I know a girl who was with a guy for about a year and they really hit it off well and really were like in love and stuff. His brother knew about her cuz they went to the same school and stuff so the three of them would often hang out and just spend time sorta like she was the bhabhi already. The boy’s mother hated the girl, ande the boy’s father loved her. Somehow things just went downhill when the parents decided to get her boyfriend married to a cousin from the mother’s side… he fought very hard, but the girl’s parents didnt wanna get their daughter forcefully married into a family that was having such a hard time accepting her. So it didnt work out. She stayed in touch with the brother though through school and stuff, and now she thinks she’s got feelings for him… he’s already told her that he does.
What do you guys think of this? The first brother is happily married now with a baby on the way and probably couldnt care less… but I doubt the parents of the boy would accept this all again, especially when they’ve been through it before with their older son and her. What do you guys make of the situation? Wrong on all levels, worth a shot… capable of being a long-term commitemnt leading to marriage?
well its more like she is planning to take revenge from their mother.

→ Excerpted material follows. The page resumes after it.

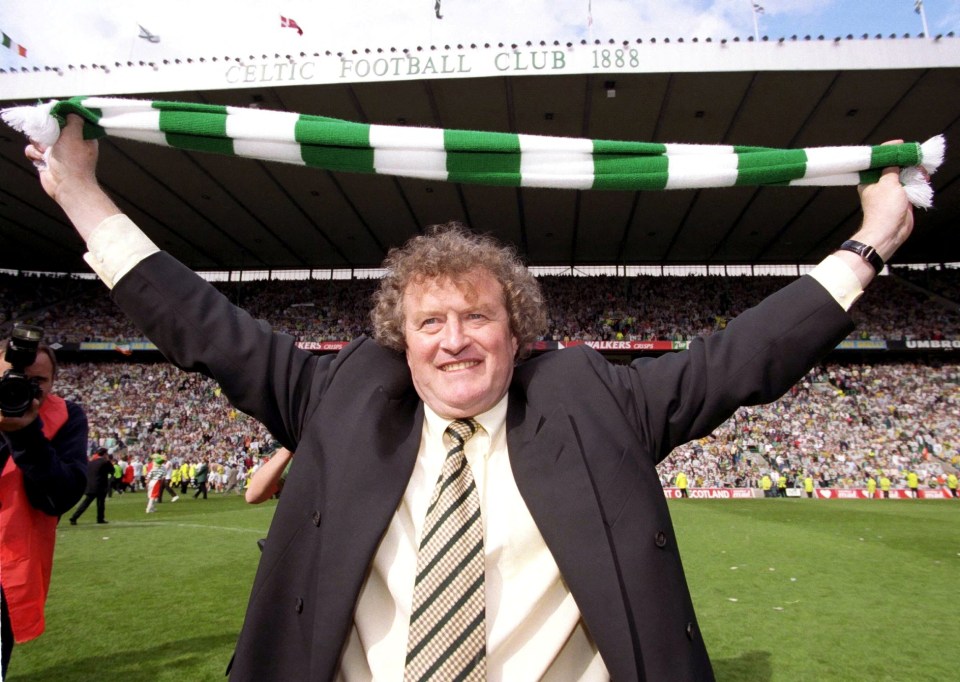 Former Celtic boss Wim Jansen has died aged 75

i dont think she should marry there cuz she will destroy her life in this revenge-hate thingee.
she is better off if she stays herself away from this family. i do know that its sometimes gets hard for us gals to accept that not everyone gonna like us.
i am thinking about the brother's wife, if this girl was to get married to the guy, how will the ex's wife ever be comfortable knowing this is the woman her husband used to love and fought with his family for. i think more than anyone else in the family, it would be the worst for her.
That would be such an uncomfortable situation for everyone involved. Can you imagine family get togethers etc? Is she really prepared to take on the mother again? Also if somehow she does end up married to the younger brother will she be able to cope with the everyday dramas? People don't change - or atleast very few do. So what are the chances that teh mother will become all loving and caring?Marriage is not easy at the best of times so why make it even more complicated?
Yeah, i think she should stay well away… it will be too weird… she’s projecting her affection for the first guy onto his brother now… recipe for disaster
I guess now GS has matured enough to have these thread.
One of my dude did one sister…next sister, and also ::you guessed it… lolzzzzzzzzzzzzzzzzzzzzzzz
I swear.
I wish all 3 of them where member of GS, telling “emotional” experience.
tell her to stay away....the guy should have more sense too then to start this nonsense. Does he think that he HE would get his mother to agree...aside from everything else? she is the same girl....why is she even considering that?
How does she expect to be accepted? How does she think the parents will view her? They will think very disrespectfully of her and I wouldnt blame them...they just cant seem to get rid of her now can they?
She needs to stop passing out her heart like its free candy and be more selective about the people she chooses to be with.
LOL funny situation tell her to stay away. I know of people where a girl was going out with a guy but ended up marrying the guys brother instead. Then they had problems, got divorced and the woman went back to the first brother she was with and got married to him. It's very disturbing.